Atheists are hitching their wagon to the radical gay rights agenda, which is seen by many as achieving greater respectability, although that's mostly in the courts and in the far-left media and netroots fever swamps.

What's interesting is the explicit victimology in play here. Forty-five years after the passage of the most sweeping civil rights legislation in American history - and the subsequent expansion of rights and opportunities to millions of Americans previously subjugated by genuinely archaic hierarchies of race, class, and gender - there remains a few groups who will continue to mine the emotions of guilt-ridden citizens who cling to a "reparations mindset" on civil rights.

Atheists are not an oppressed class, but you wouldn't know it from the Times' piece. But
observe how Tristero takes up the "prejudice" banner to hammer even more aggressively the bogus discrimination line:

Despite their numbers - or perhaps because of them - atheists today are often the victims of genuine discrimination. It is impossible for an avowed atheist to hold high national office and, despite Obama's oft-noted shout out to non-believers at his Inaugural, the entire ceremony was a religious love-fest. True, I wouldn't have missed Rev. Joseph Lowery's address for anything, but seeing the vile, lying Rick Warren up there was mega-creepy.

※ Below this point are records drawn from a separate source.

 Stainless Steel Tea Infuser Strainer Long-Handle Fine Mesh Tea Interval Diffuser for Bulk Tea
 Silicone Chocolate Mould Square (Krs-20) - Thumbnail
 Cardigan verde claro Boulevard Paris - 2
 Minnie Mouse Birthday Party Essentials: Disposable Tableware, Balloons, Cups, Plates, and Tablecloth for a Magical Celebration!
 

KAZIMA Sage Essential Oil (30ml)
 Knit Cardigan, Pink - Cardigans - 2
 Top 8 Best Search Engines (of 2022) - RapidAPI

So it is good, extremely good, that atheists and atheism have gained so much national status. And hopefully, atheism as an ethics and a belief system will evolve to the point where no one feels they need to go out their way to make excuses for
assholes like this simply because they affirm the non-existence of God.
Note something strange here: Tristero's calling Sam Harris, the author of The End of Faith: Religion, Terror, and the Future of Reason, an asshole. But why? Harris' work is right up there with Richard Dawkins (The God Delusion) in the popular pantheon of secularism and anti-religion. Shouldn't Tristero be recommending Harris rather than scourging him as an "asshole."

Well, no, actually. Tristero's either totally ignorant of Harris' writings - see, for example, "
There is No God (And You Know It) - or he's blogging too fast to take a moment to check the guy's biography. Most likely, he's just totally intolerant of anyone making the case for torture, since Tristero's link for Harris goes to his piece, "In Defense of Torture."

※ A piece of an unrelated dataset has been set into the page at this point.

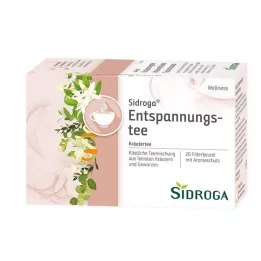 SIDROGA Sacos de filtro para chá de relaxamento e bem-estar, 20 x 1,75 g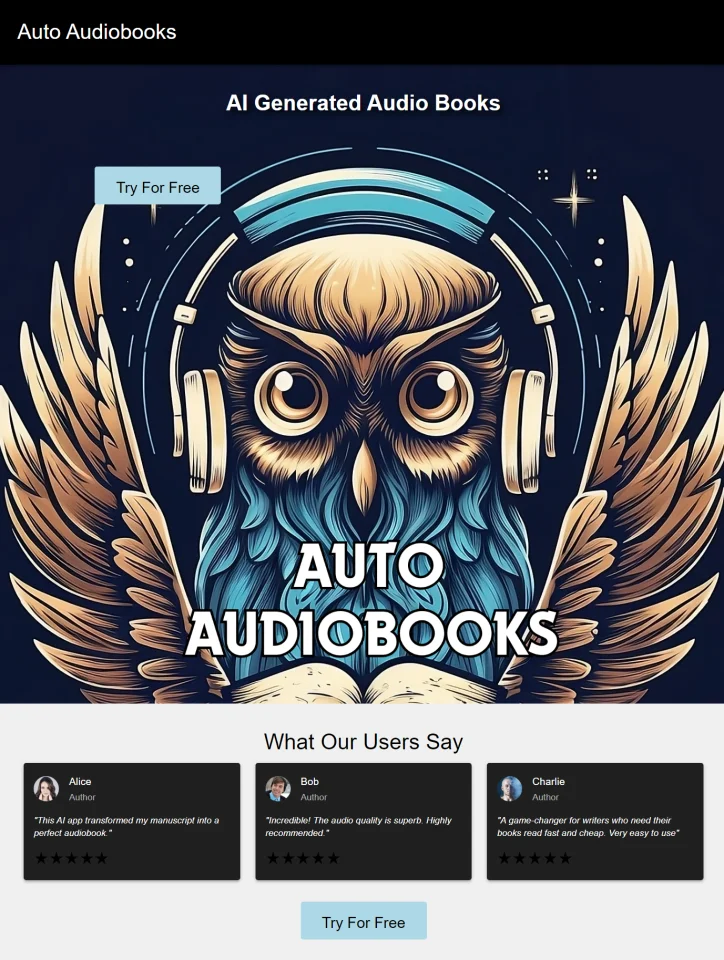 AI Audiobook Narration App — screenshot 2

I just take all of this as exemplary of the program of intolerance and rigid ideologism on the left (and Tristero's blogging at
Digby's Hullabloo, a bastion of far left-wing radicalism).

This is what these people are about. Atheism is good, if it gets you closer to your goal of completely eliminating faith in the public square. That eventuality, of course, bolsters the gay radical agenda, so it's all of a piece when you think about it.